Islamabad: As the worsening law-and-order situation and the ubiquity of religious fundamentalism in Pakistan, Ahmadiyya have been forced to migrate to other countries in the hope of being treated on equal footing with other people in the society, according to media reports.

According to Islam Khabar, adults and children a like are victimized for their differing religious beliefs.

Workplaces, playgrounds and even schools are used as platforms to spread their loathing and horrific mistreatment. Educational institutes chiefly top the list of troublemakers who aim to indoctrinate young minds by filling them with hatred for anyone who does not follow their religious standards, as per Islam Khabar.

The Ahmadiyya Muslim Community is being used as a scapegoat to score political points and malign political opponents, without any regard for the risk of life and the hatred it spreads.

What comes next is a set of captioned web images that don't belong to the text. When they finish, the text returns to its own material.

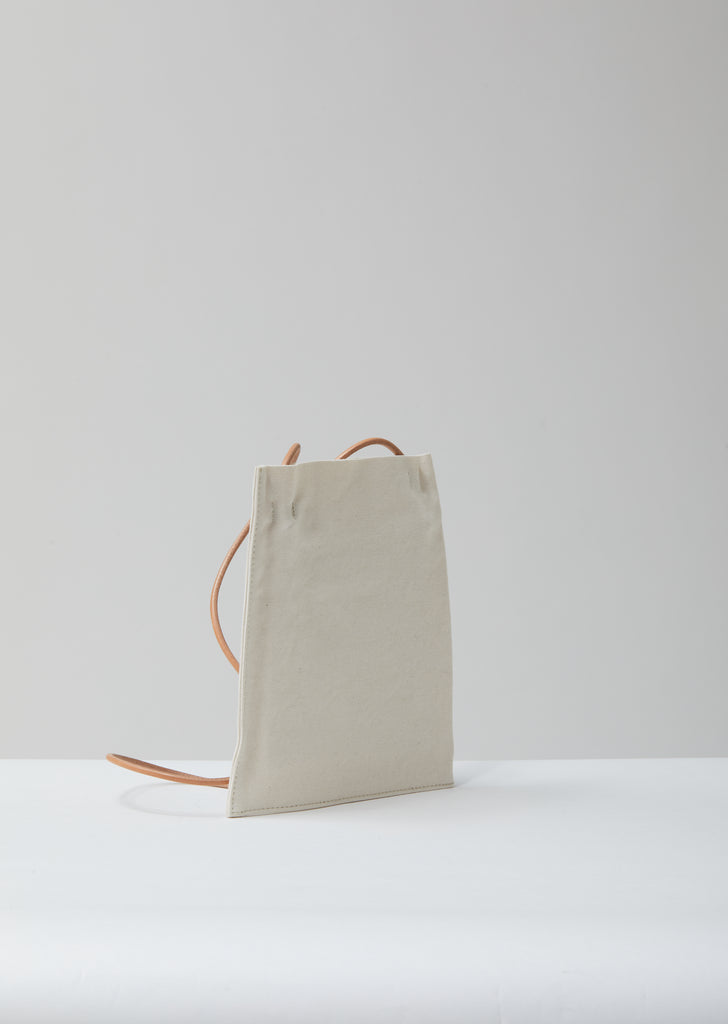 Canvas Pochette
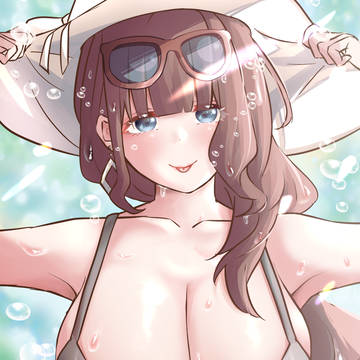 アサリまとめ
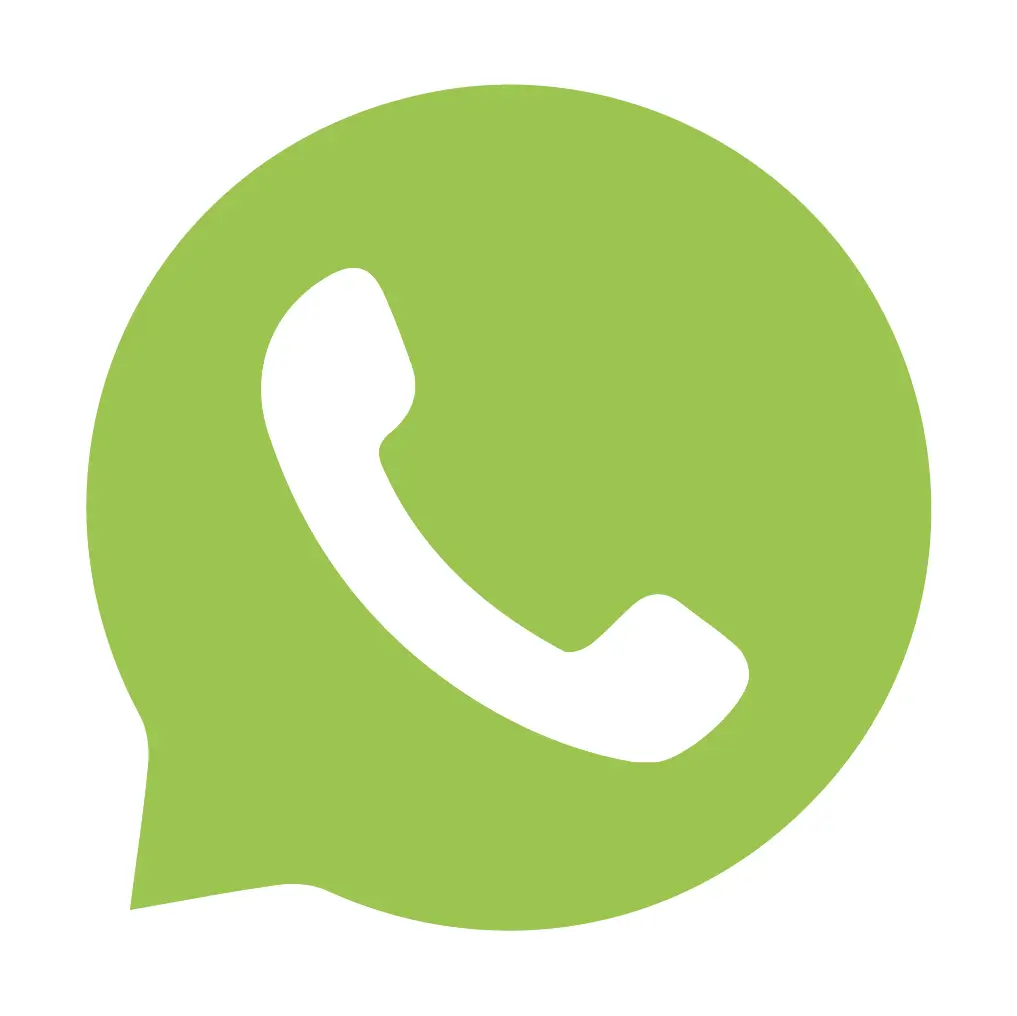 animal home whatsapp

On July 13, 2021, UN human rights experts expressed their deep concern over the lack of attention to the serious human rights violations perpetrated against the Ahmadiyya community around the world and called on the international community to step up efforts to bring an end to the ongoing persecution of Ahmadiyya.

It urged the international community to impress upon the Government of Pakistan to honour its responsibility to provide effective protection and freedom of religious practice to Ahmadiyya and that perpetrators of such vicious actions should be brought to justice, to bring its laws and practices in conformity with international standards.

Pakistan is facing multiple fault lines that are hampering the growth of the already conditioned economy of the country, including a breakdown of law and order domestically, which poses major challenges to the establishment and sectarian violence.

In Pakistan, Sunni groups are threatening Shias, Ahmadis and non-Muslim minorities, enjoying support from the military and political leadership.

According to the International Crisis Group (ICG) in its reports published on September 5 which forecasts that sectarian violence could intensify with political instability and economic downturn creating a powder keg in Pakistan, a Canada-based think tank IFFRAS said.

ICG Report's observation that sectarian militancy now runs across the range of Sunni Islamist groups, including adherents to the more moderate Barelvi sub-sect, is believed to constitute a thin majority of Pakistan's population.

In 2020, well-known defence analyst, Dr Ayesha Siddiqa wrote about the revival of sectarian tension between Sunnis and Shias in Karachi and other urban centres in Sindh and Punjab. She pointed out that Pakistan has reportedly witnessed the killing of approximately 4,847 Shias in incidents of sectarian violence between 2001 and 2018, IFFRAS had reported earlier.